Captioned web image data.
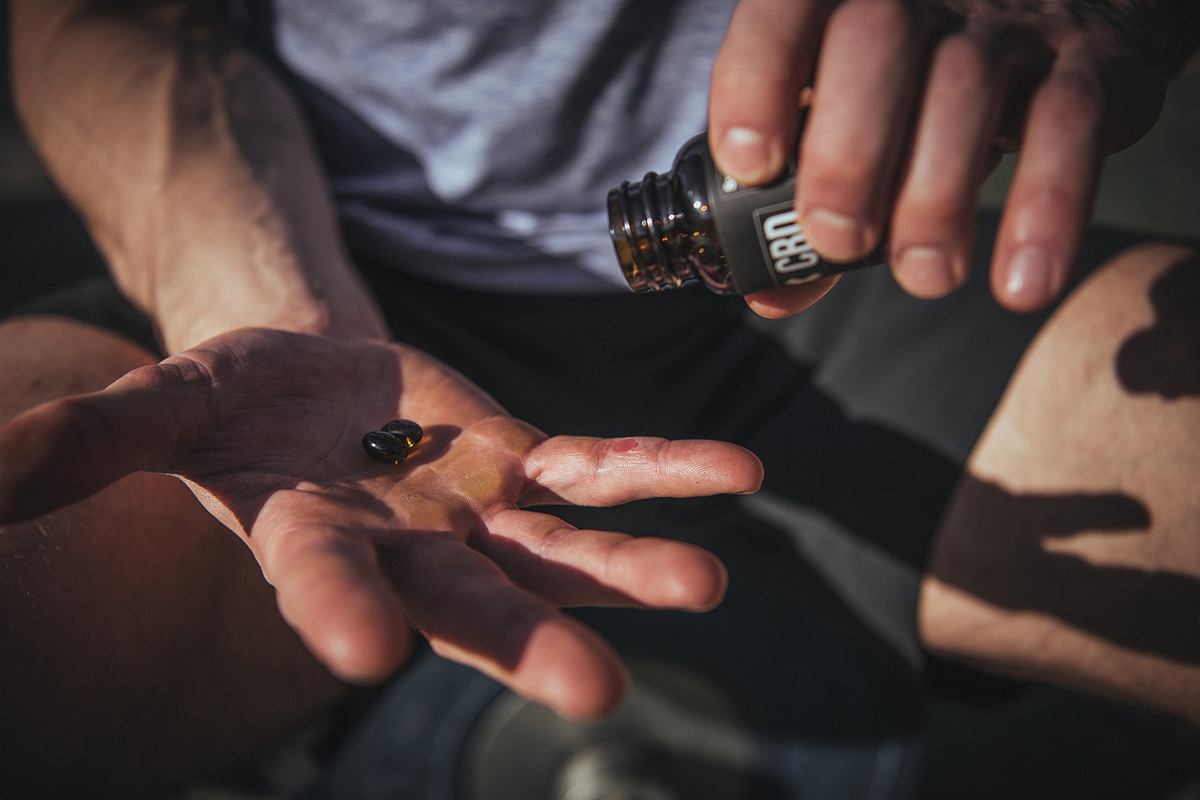 Photo: An athlete holds CBD capsules in their hand.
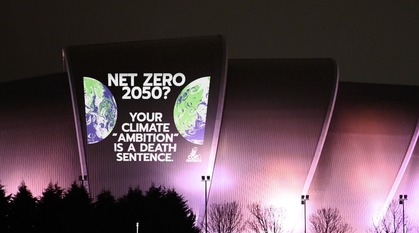 Text projected on a building at night reads "net zero 2050? your climate 'ambition' is a death sentence"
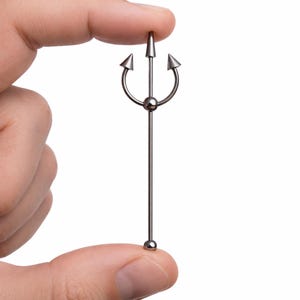 May include: A silver-colored industrial barbell body piercing jewelry. The jewelry features a trident design at the top and a small ball at the bottom. The barbell is held between two fingers against a white background.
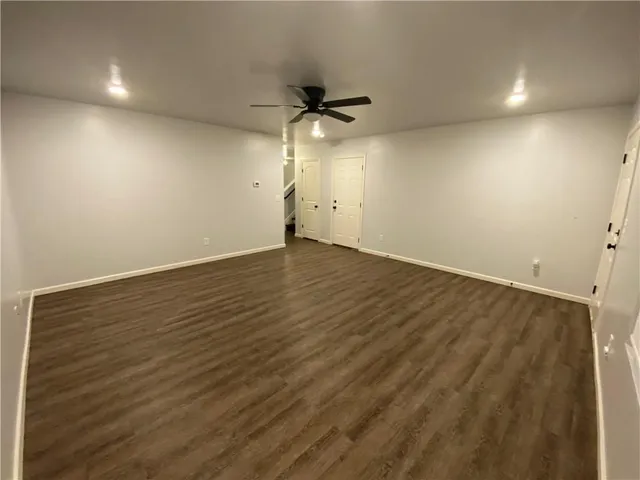 an empty room with a ceiling fan and wooden floor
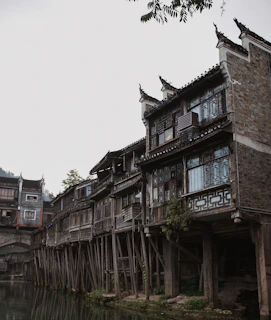 Traditional wooden house on stilts by a river in Cambodian countryside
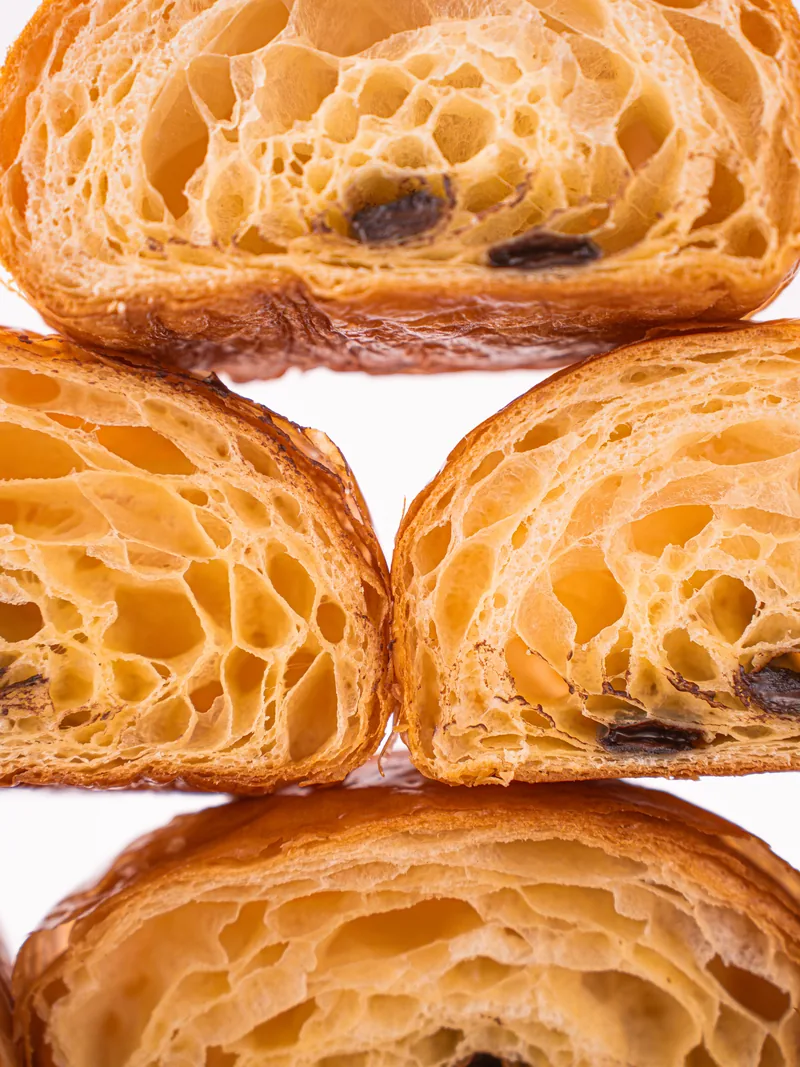 Halved pains au chocolat stacked so the open crumb and the chocolate batons face the camera.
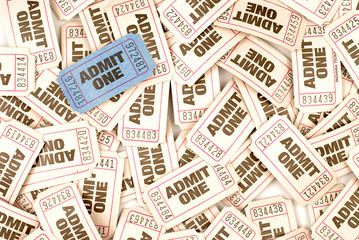 Admit one white movie cinema ticket lots scattered background with one unique individual blue ticket photo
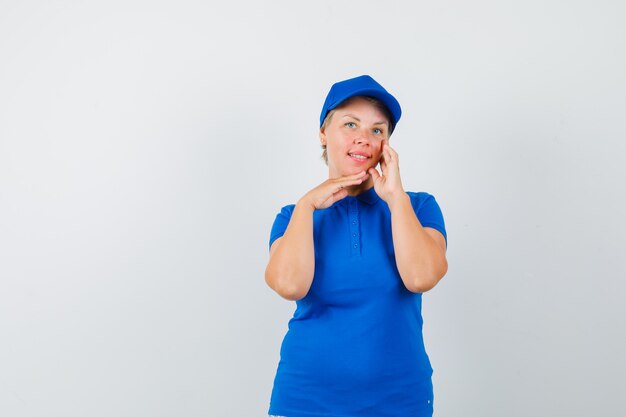 Mulher madura posando ao tocar a pele do rosto em t-shirt azul.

Assigned task.
All the lines above must be written out exactly, without a single picture.

Output of the task.
 Photo: An athlete holds CBD capsules in their hand.
 Text projected on a building at night reads "net zero 2050? your climate 'ambition' is a death sentence"
 May include: A silver-colored industrial barbell body piercing jewelry. The jewelry features a trident design at the top and a small ball at the bottom. The barbell is held between two fingers against a white background.
 an empty room with a ceiling fan and wooden floor
 Traditional wooden house on stilts by a river in Cambodian countryside
 Halved pains au chocolat stacked so the open crumb and the chocolate batons face the camera.
 Admit one white movie cinema ticket lots scattered background with one unique individual blue ticket photo
 Mulher madura posando ao tocar a pele do rosto em t-shirt azul.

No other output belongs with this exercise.